---- STUDY MATERIAL
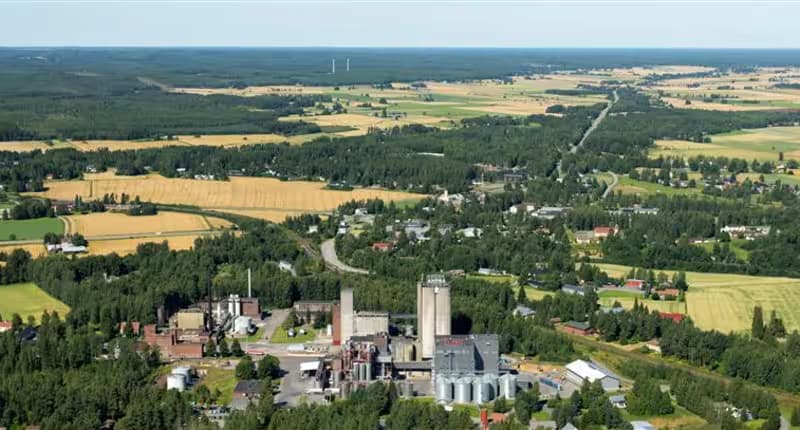 Helsinki-based Anora plans for a revamp project at its Koskenkorva distillery in Finland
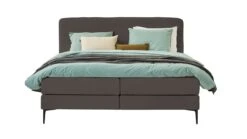 Boxspring Quartz Vlak Met Gestoffeerd Matras -Slaap Comfort Verkoop Boxspring Quartz vlak met gestoffeerd matras rpes 92 6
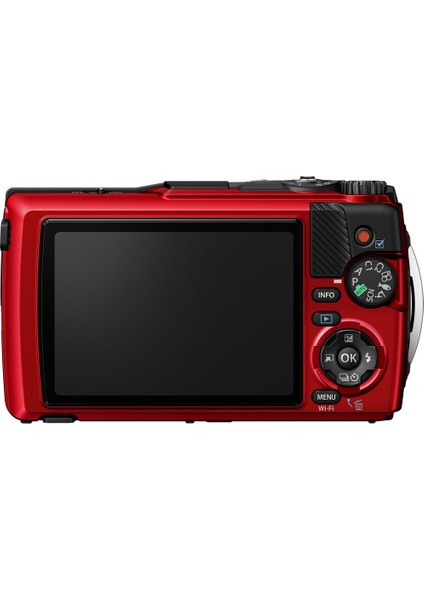 Om System Tough Tg-7 (Kırmızı)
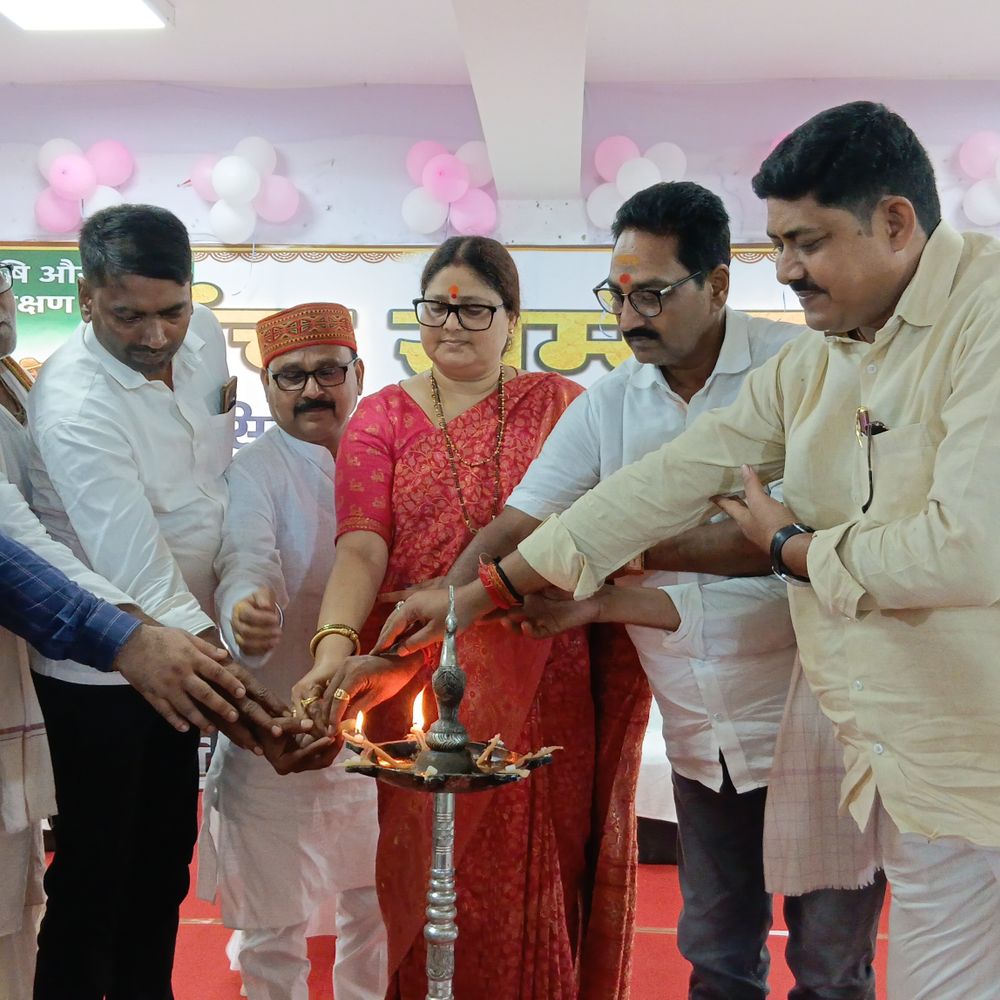 ‘पात्र परिवारों को 125 दिनों की रोजगार गारंटी’:विकसित भारत-जी राम जी के तहत, खगड़िया में जिला स्तरीय पंच सम्मेलन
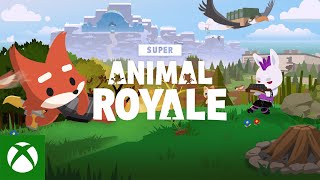 Super Animal Royale  Launch Trailer [upl. by Anawit262]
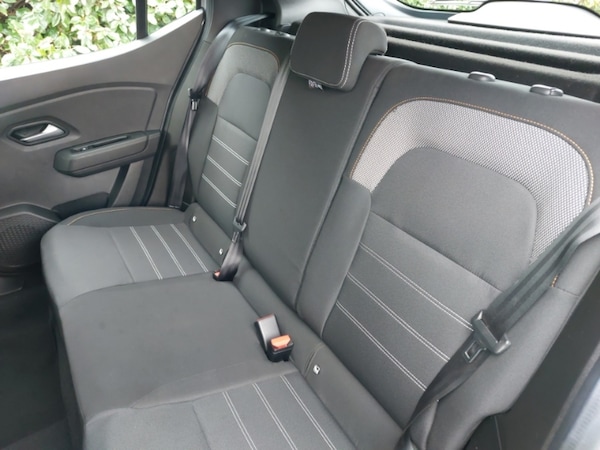 Used Dacia Sandero Stepway 2022 for sale - 76208453: Photo 6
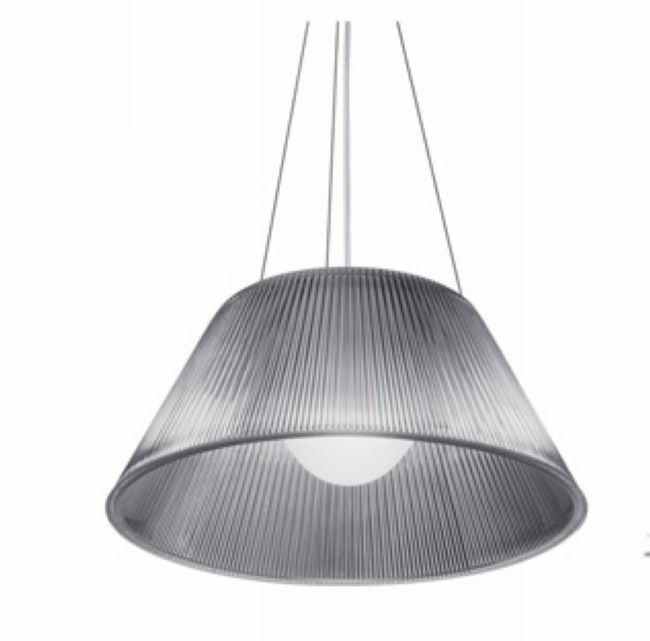 Romeo Moon S2 droplight pendants contracted and contemporary sitting room dining-room engineering LED lighting classical bedroom lamp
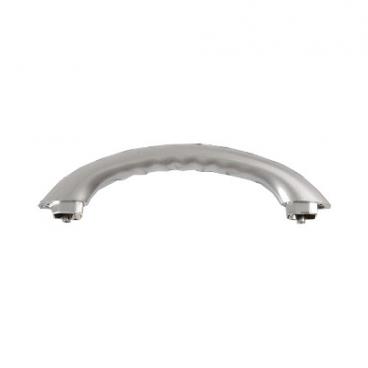 Whirlpool Part# WPR0130651 Door Handle (OEM) Stainless Steel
--------
Repeat exactly the lines from the first line of the records above through the line containing "Om System Tough Tg-7 (Kırmızı)", leaving out the pictures.

### ANSWER SPACE:
 Helsinki-based Anora plans for a revamp project at its Koskenkorva distillery in Finland
 Boxspring Quartz Vlak Met Gestoffeerd Matras -Slaap Comfort Verkoop Boxspring Quartz vlak met gestoffeerd matras rpes 92 6
 Om System Tough Tg-7 (Kırmızı)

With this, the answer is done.